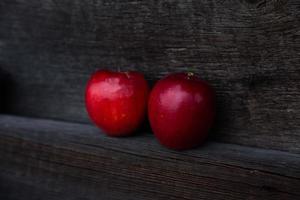 paio di mele rosse sulla tavola di legno con lo spazio della copia per testo foto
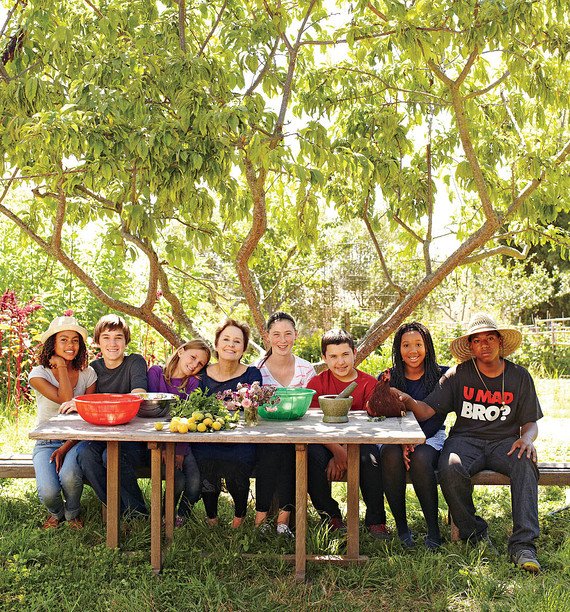 With students, under an elephant heart plum tree at the Edible Schoolyard Photography by William Abranowicz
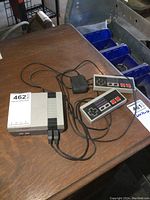 Nintendo NES console with two wired controllers and power adapter on a wooden table, showing front and side views of the unit.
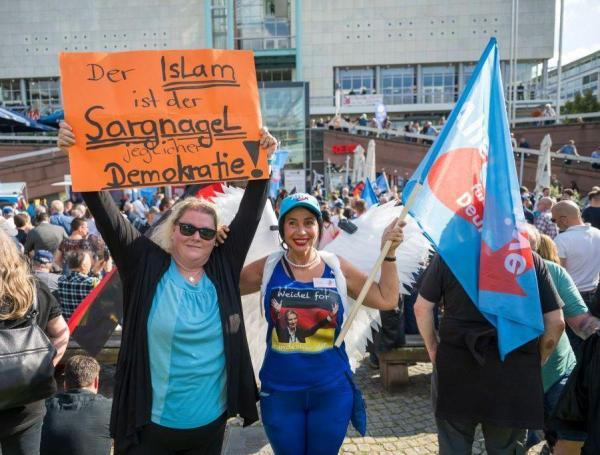 Una partidaria del partido de extrema derecha AfD sostiene un cartel que dice "El Islam es el clavo en el ataúd de la democracia".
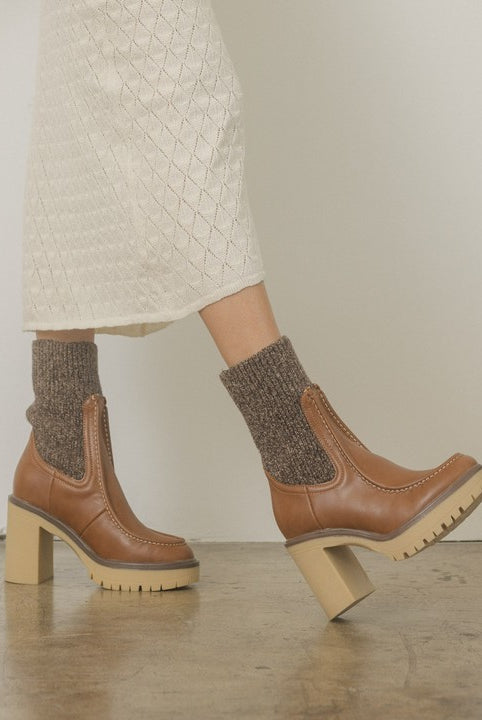RARA Boutique heeled platform sweater sock boots featuring a chunky heel and cozy knit design, stylish for fall and winter wear.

——————

**What is being asked**
From start to finish, output the listing exactly, but omit its pictures.

**Solution to the problem**
 paio di mele rosse sulla tavola di legno con lo spazio della copia per testo foto
 With students, under an elephant heart plum tree at the Edible Schoolyard Photography by William Abranowicz
 Nintendo NES console with two wired controllers and power adapter on a wooden table, showing front and side views of the unit.
 Una partidaria del partido de extrema derecha AfD sostiene un cartel que dice "El Islam es el clavo en el ataúd de la democracia".
RARA Boutique heeled platform sweater sock boots featuring a chunky heel and cozy knit design, stylish for fall and winter wear.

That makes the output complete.